[[ Input data, beginning ]]

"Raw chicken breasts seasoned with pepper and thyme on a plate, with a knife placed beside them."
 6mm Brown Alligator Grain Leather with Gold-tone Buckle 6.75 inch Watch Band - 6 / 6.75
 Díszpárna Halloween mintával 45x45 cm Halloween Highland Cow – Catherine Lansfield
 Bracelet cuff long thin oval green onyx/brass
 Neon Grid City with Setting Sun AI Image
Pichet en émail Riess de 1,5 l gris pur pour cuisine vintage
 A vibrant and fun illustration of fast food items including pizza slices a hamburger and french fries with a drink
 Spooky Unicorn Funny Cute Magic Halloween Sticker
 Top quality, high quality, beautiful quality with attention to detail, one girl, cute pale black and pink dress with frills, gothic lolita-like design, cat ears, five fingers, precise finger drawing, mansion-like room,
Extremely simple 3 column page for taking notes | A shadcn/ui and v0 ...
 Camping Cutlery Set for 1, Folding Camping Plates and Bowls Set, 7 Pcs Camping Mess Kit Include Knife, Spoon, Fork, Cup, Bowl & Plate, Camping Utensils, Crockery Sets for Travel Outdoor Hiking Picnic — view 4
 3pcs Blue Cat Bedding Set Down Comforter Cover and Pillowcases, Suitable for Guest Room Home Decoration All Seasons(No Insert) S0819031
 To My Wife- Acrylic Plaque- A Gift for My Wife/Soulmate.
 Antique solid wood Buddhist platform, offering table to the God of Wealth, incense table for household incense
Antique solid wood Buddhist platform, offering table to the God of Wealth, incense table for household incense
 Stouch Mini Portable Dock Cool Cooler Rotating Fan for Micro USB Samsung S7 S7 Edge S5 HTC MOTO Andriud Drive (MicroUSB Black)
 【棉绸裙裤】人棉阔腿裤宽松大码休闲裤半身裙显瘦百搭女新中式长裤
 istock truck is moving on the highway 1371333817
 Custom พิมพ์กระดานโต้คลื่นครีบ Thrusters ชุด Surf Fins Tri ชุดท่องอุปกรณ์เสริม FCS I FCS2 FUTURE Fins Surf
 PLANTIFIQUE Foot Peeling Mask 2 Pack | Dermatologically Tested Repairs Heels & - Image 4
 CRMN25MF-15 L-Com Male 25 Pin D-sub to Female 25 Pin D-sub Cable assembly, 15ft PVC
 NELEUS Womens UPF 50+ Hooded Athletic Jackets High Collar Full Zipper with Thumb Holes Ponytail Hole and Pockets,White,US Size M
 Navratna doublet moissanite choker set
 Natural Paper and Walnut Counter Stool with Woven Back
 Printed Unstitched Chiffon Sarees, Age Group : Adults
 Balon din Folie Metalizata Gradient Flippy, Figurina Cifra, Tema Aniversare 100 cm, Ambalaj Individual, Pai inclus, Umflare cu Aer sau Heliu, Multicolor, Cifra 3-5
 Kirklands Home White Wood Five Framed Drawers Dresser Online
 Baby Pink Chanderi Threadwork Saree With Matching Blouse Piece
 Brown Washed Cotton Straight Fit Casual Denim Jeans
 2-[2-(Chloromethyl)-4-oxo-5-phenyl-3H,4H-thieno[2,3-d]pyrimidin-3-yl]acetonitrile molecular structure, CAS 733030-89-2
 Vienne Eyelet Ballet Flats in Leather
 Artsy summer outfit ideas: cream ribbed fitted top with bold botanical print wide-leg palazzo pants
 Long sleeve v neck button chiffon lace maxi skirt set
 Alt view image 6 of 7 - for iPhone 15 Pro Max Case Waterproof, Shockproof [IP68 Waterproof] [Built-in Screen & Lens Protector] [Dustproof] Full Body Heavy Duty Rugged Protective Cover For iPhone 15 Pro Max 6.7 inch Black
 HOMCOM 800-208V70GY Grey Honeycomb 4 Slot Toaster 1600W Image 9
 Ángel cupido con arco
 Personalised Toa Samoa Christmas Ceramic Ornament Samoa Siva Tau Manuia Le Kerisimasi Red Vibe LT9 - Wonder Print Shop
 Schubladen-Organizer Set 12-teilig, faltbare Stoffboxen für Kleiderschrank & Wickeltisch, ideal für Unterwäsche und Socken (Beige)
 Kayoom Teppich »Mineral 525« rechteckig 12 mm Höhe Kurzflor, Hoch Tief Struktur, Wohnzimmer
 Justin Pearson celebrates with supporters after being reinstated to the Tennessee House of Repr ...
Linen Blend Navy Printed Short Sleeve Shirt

[[ Input data, end ]]

_Exercise_.
The data should be printed again exactly, line for line.

_Result for this exercise_.
"Raw chicken breasts seasoned with pepper and thyme on a plate, with a knife placed beside them."
 6mm Brown Alligator Grain Leather with Gold-tone Buckle 6.75 inch Watch Band - 6 / 6.75
 Díszpárna Halloween mintával 45x45 cm Halloween Highland Cow – Catherine Lansfield
 Bracelet cuff long thin oval green onyx/brass
 Neon Grid City with Setting Sun AI Image
Pichet en émail Riess de 1,5 l gris pur pour cuisine vintage
 A vibrant and fun illustration of fast food items including pizza slices a hamburger and french fries with a drink
 Spooky Unicorn Funny Cute Magic Halloween Sticker
 Top quality, high quality, beautiful quality with attention to detail, one girl, cute pale black and pink dress with frills, gothic lolita-like design, cat ears, five fingers, precise finger drawing, mansion-like room,
Extremely simple 3 column page for taking notes | A shadcn/ui and v0 ...
 Camping Cutlery Set for 1, Folding Camping Plates and Bowls Set, 7 Pcs Camping Mess Kit Include Knife, Spoon, Fork, Cup, Bowl & Plate, Camping Utensils, Crockery Sets for Travel Outdoor Hiking Picnic — view 4
 3pcs Blue Cat Bedding Set Down Comforter Cover and Pillowcases, Suitable for Guest Room Home Decoration All Seasons(No Insert) S0819031
 To My Wife- Acrylic Plaque- A Gift for My Wife/Soulmate.
 Antique solid wood Buddhist platform, offering table to the God of Wealth, incense table for household incense
Antique solid wood Buddhist platform, offering table to the God of Wealth, incense table for household incense
 Stouch Mini Portable Dock Cool Cooler Rotating Fan for Micro USB Samsung S7 S7 Edge S5 HTC MOTO Andriud Drive (MicroUSB Black)
 【棉绸裙裤】人棉阔腿裤宽松大码休闲裤半身裙显瘦百搭女新中式长裤
 istock truck is moving on the highway 1371333817
 Custom พิมพ์กระดานโต้คลื่นครีบ Thrusters ชุด Surf Fins Tri ชุดท่องอุปกรณ์เสริม FCS I FCS2 FUTURE Fins Surf
 PLANTIFIQUE Foot Peeling Mask 2 Pack | Dermatologically Tested Repairs Heels & - Image 4
 CRMN25MF-15 L-Com Male 25 Pin D-sub to Female 25 Pin D-sub Cable assembly, 15ft PVC
 NELEUS Womens UPF 50+ Hooded Athletic Jackets High Collar Full Zipper with Thumb Holes Ponytail Hole and Pockets,White,US Size M
 Navratna doublet moissanite choker set
 Natural Paper and Walnut Counter Stool with Woven Back
 Printed Unstitched Chiffon Sarees, Age Group : Adults
 Balon din Folie Metalizata Gradient Flippy, Figurina Cifra, Tema Aniversare 100 cm, Ambalaj Individual, Pai inclus, Umflare cu Aer sau Heliu, Multicolor, Cifra 3-5
 Kirklands Home White Wood Five Framed Drawers Dresser Online
 Baby Pink Chanderi Threadwork Saree With Matching Blouse Piece
 Brown Washed Cotton Straight Fit Casual Denim Jeans
 2-[2-(Chloromethyl)-4-oxo-5-phenyl-3H,4H-thieno[2,3-d]pyrimidin-3-yl]acetonitrile molecular structure, CAS 733030-89-2
 Vienne Eyelet Ballet Flats in Leather
 Artsy summer outfit ideas: cream ribbed fitted top with bold botanical print wide-leg palazzo pants
 Long sleeve v neck button chiffon lace maxi skirt set
 Alt view image 6 of 7 - for iPhone 15 Pro Max Case Waterproof, Shockproof [IP68 Waterproof] [Built-in Screen & Lens Protector] [Dustproof] Full Body Heavy Duty Rugged Protective Cover For iPhone 15 Pro Max 6.7 inch Black
 HOMCOM 800-208V70GY Grey Honeycomb 4 Slot Toaster 1600W Image 9
 Ángel cupido con arco
 Personalised Toa Samoa Christmas Ceramic Ornament Samoa Siva Tau Manuia Le Kerisimasi Red Vibe LT9 - Wonder Print Shop
 Schubladen-Organizer Set 12-teilig, faltbare Stoffboxen für Kleiderschrank & Wickeltisch, ideal für Unterwäsche und Socken (Beige)
 Kayoom Teppich »Mineral 525« rechteckig 12 mm Höhe Kurzflor, Hoch Tief Struktur, Wohnzimmer
 Justin Pearson celebrates with supporters after being reinstated to the Tennessee House of Repr ...
Linen Blend Navy Printed Short Sleeve Shirt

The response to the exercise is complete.